Recht 1 Fotolia 36817037 XSVorvertragliche Anzeigenpflichtverletzung:
Keine Anzeigepflicht von Bagatellerkrankungen

 

Der Versicherungsnehmer hat nach der ständigen Rechtsprechung gestellte Fragen nach Krankheiten, Störungen oder Beschwerden grundsächlich erschöpfend zu beantworten. Anderseits ist aber auch bekannt, dass bei sehr weit gefassten Antragsfragen nach Krankheiten, Störungen und Beschwerden, die offenkundig belanglos sind und alsbald vergehen, nicht angeben muss (vgl. BGH NJW-RR 03, 1106, 1107).

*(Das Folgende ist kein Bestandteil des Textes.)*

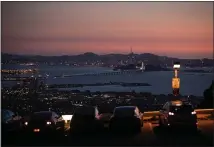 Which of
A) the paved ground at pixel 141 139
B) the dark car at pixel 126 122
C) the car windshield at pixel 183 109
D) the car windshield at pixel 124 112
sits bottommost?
the paved ground at pixel 141 139

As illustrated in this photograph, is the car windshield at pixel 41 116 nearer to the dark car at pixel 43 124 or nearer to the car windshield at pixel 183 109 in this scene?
the dark car at pixel 43 124

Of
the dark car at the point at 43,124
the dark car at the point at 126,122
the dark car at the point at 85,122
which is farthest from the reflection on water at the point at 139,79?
the dark car at the point at 43,124

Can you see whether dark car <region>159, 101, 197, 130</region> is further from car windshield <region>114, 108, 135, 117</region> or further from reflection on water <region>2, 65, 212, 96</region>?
reflection on water <region>2, 65, 212, 96</region>

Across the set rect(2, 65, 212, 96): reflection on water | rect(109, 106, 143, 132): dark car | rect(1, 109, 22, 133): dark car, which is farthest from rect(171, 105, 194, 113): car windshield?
rect(2, 65, 212, 96): reflection on water

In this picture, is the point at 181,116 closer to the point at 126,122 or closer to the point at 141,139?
the point at 126,122

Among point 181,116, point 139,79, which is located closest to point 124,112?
point 181,116

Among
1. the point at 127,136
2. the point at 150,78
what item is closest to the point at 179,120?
the point at 127,136

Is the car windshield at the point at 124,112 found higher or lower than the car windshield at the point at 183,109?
lower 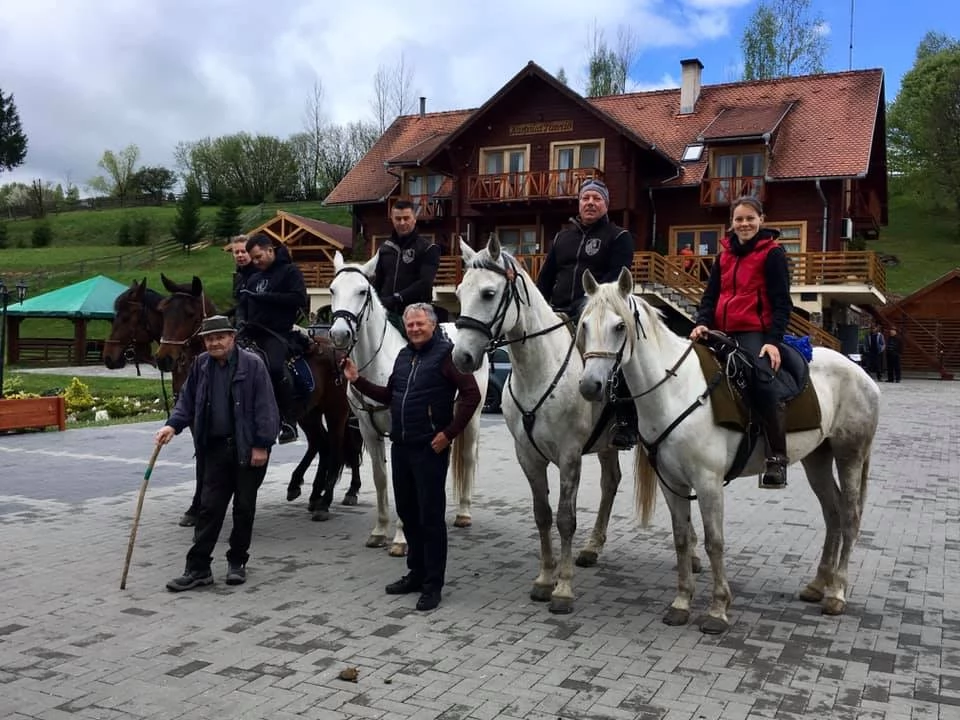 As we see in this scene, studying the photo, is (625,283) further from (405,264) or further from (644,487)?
(405,264)

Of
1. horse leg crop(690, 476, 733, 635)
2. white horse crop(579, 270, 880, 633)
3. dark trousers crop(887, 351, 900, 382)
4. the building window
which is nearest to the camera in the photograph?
white horse crop(579, 270, 880, 633)

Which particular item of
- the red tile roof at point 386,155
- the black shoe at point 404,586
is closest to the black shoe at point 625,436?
the black shoe at point 404,586

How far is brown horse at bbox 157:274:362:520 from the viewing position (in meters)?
7.59

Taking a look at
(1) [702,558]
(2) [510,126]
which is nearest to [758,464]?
(1) [702,558]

Es ist jedoch für die versicherte Person oft unklar, welche Gesundheitsbeeinträchtigungen gefahrerheblich sind. Es ist deswegen auf das Gesamtbild abzustellen, das die Erkrankungen über den Gesundheitszustand der versicherten Person vermitteln.

Bespiel:
War die versicherte Person in den 5 Jahren vor Antragstellung z.B. 12 Tage wegen einer Sehnenscheidenentzündung und 4 Tage wegen Kreuzschmerzen arbeitsunfähig, aber insgesamt nur drei Mal bei einem Arzt ( das dritte mal wegen eines grippalen Infektes) ohne das es durchweg erhebliche Beschwerden, die mit vertieften Behandlungen verbunden gewesen sind, so stellt das nicht gleich eine Anzeigepflichtverletzung da (OLG Köln 30.09.2011, 20 U 43/11). Erklärung:


Fragte der Versicherer im Antrag nach:

„Sind Sie in den letzten 5 Jahren wegen Krankheiten, Beschwerden oder Störungen, wegen die versicherte Person ärztlich untersucht, beraten oder behandelt worden hinsichtlich ( …) Knochen, Gelenke Wirbelsäule, Muskeln (…)?“ und “Bestehen und bestanden in den letzten 12 Monaten gesundheitliche Beschwerden oder Störungen (…), die bisher nicht behandelt wurden?“

–so muss der Versicherer darlegen und beweisen, dass die versicherte Person nochmals ( also in den letzten 12 Monaten) wegen Rückenbeschwerden ein Arzt aufgesucht habe. Die versicherte Person hat somit nicht automatisch schuldhaft die Anzeigepflicht verletzt (§ 16 Abs.3 Fall 2 VVG a.F.).

Fazit:
Es kommt also darauf an, wie und in welcher Art der Versicherer die Antrags- bzw. Gesundheitsfragen gestellt hat. Zur Sicherheit könnte man bei der Beantwortung der Fragen diese als Zitat wiederholen und Missverständnisse zu entkräften. Und fallen die nicht angezeigten Umstände unter die Anzeigepflicht nach dem o.g. Urteil? Zudem sollte berücksichtigt werden, ob es sich um das alte und neue Versicherungs-vertragsrecht.

Altes Recht:
Anzeigepflicht: § 16 Abs. 1 S.1 VVG a.F.
Anzeigepflicht: § 16 Abs.3 Fall 2 VVG a.F. – schuldhaftes Handeln nach altem Recht ?
Rücktritt:         § 16 Abs.2, § 17 VVG a.F.

Neues Recht:
Erklärung:       § 19 Abs.5 VVG – wurde VN ordnungsgemäß aufgeklärt?
(5) Dem Versicherer stehen die Rechte nach den Absätzen 2 bis 4 nur zu, wenn er den Versicherungsnehmer durch gesonderte Mitteilung in Textform auf die Folgen einer Anzeigepflichtverletzung hingewiesen hat. Die Rechte sind ausgeschlossen, wenn der Versicherer den nicht angezeigten Gefahrumstand oder die Unrichtigkeit der Anzeige kannte.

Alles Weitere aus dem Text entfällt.